*What is needed*: Repeat the data exactly, leaving out any image.

Recorded information section start

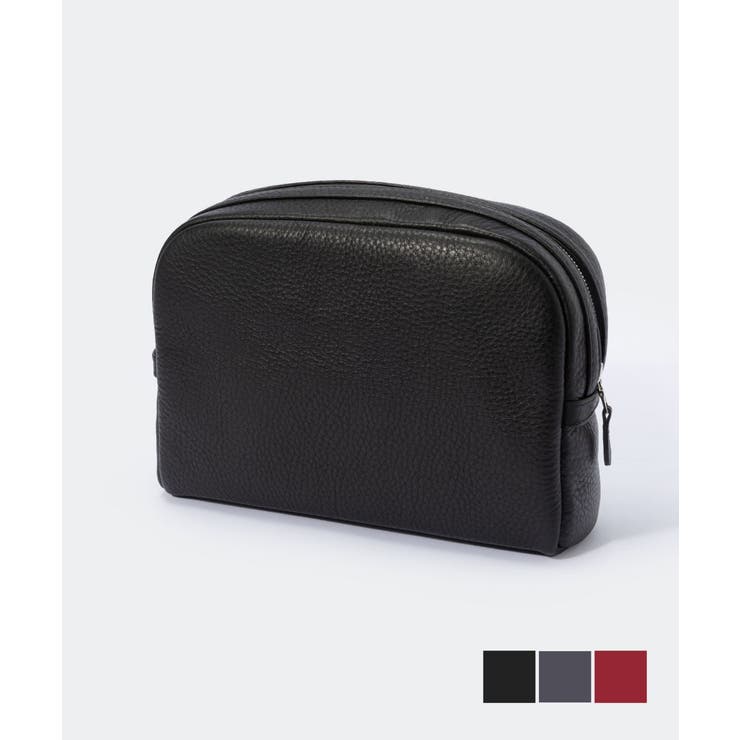 ホワイトハウス・コックス 【10％OFFクーポン！3/26(木)1:59まで】U-STREAM ホワイトハウスコックス Whitehouse Cox ES1908 セカンドバッグ MEDIUM WASHBAG メンズ バック ミディアム クラッチバッグ ポーチ 小さめ ハンドバッ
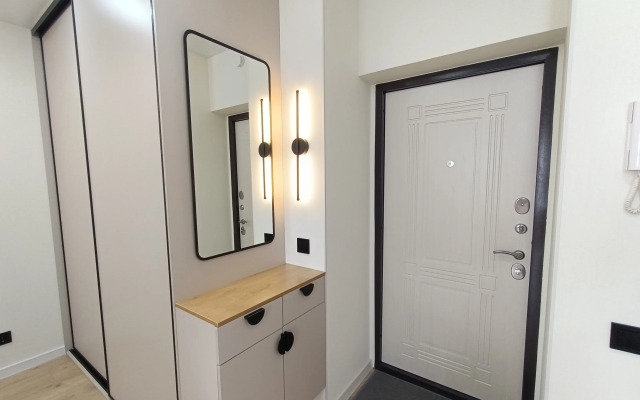 Na Bulvare Kuzymina 15 Flat
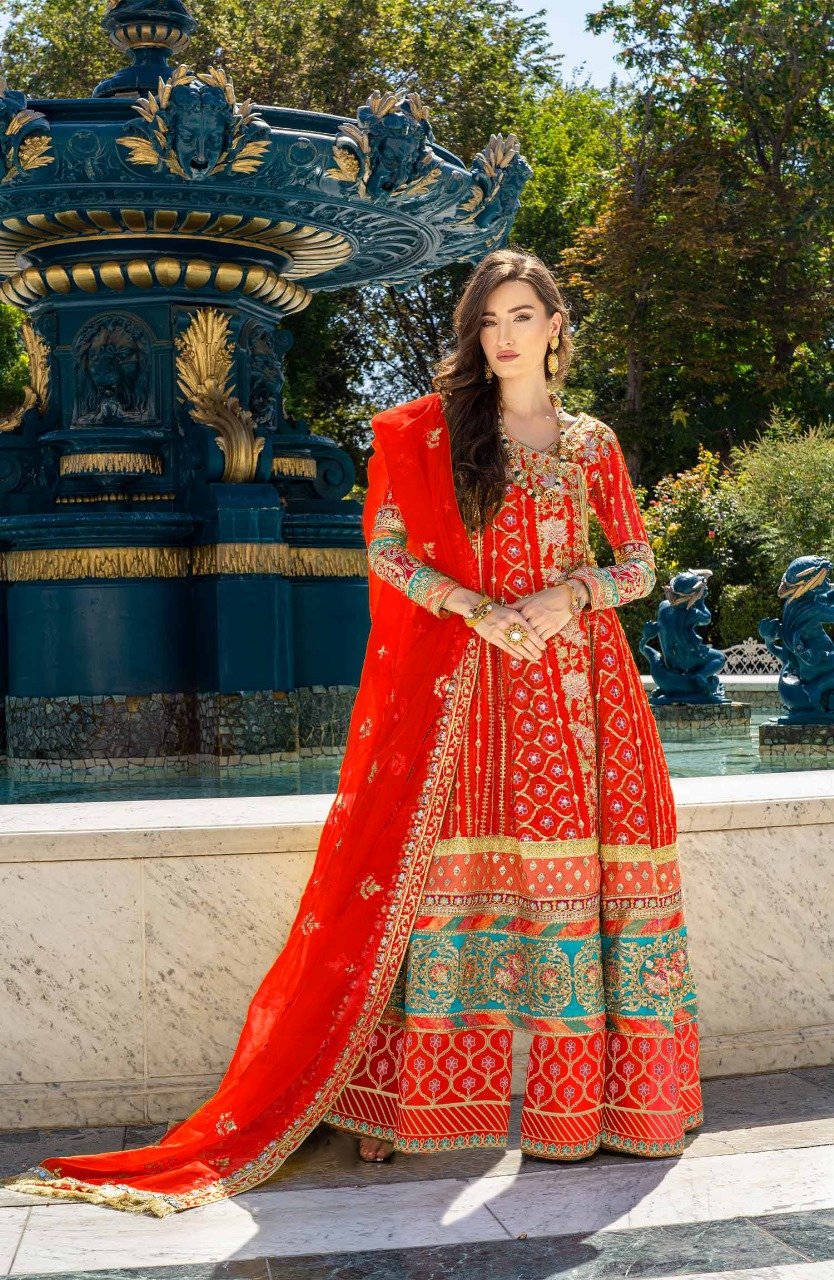 zarmeen emaan viscose 455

Recorded information section end

*Response to this task*:
 ホワイトハウス・コックス 【10％OFFクーポン！3/26(木)1:59まで】U-STREAM ホワイトハウスコックス Whitehouse Cox ES1908 セカンドバッグ MEDIUM WASHBAG メンズ バック ミディアム クラッチバッグ ポーチ 小さめ ハンドバッ
 Na Bulvare Kuzymina 15 Flat
 zarmeen emaan viscose 455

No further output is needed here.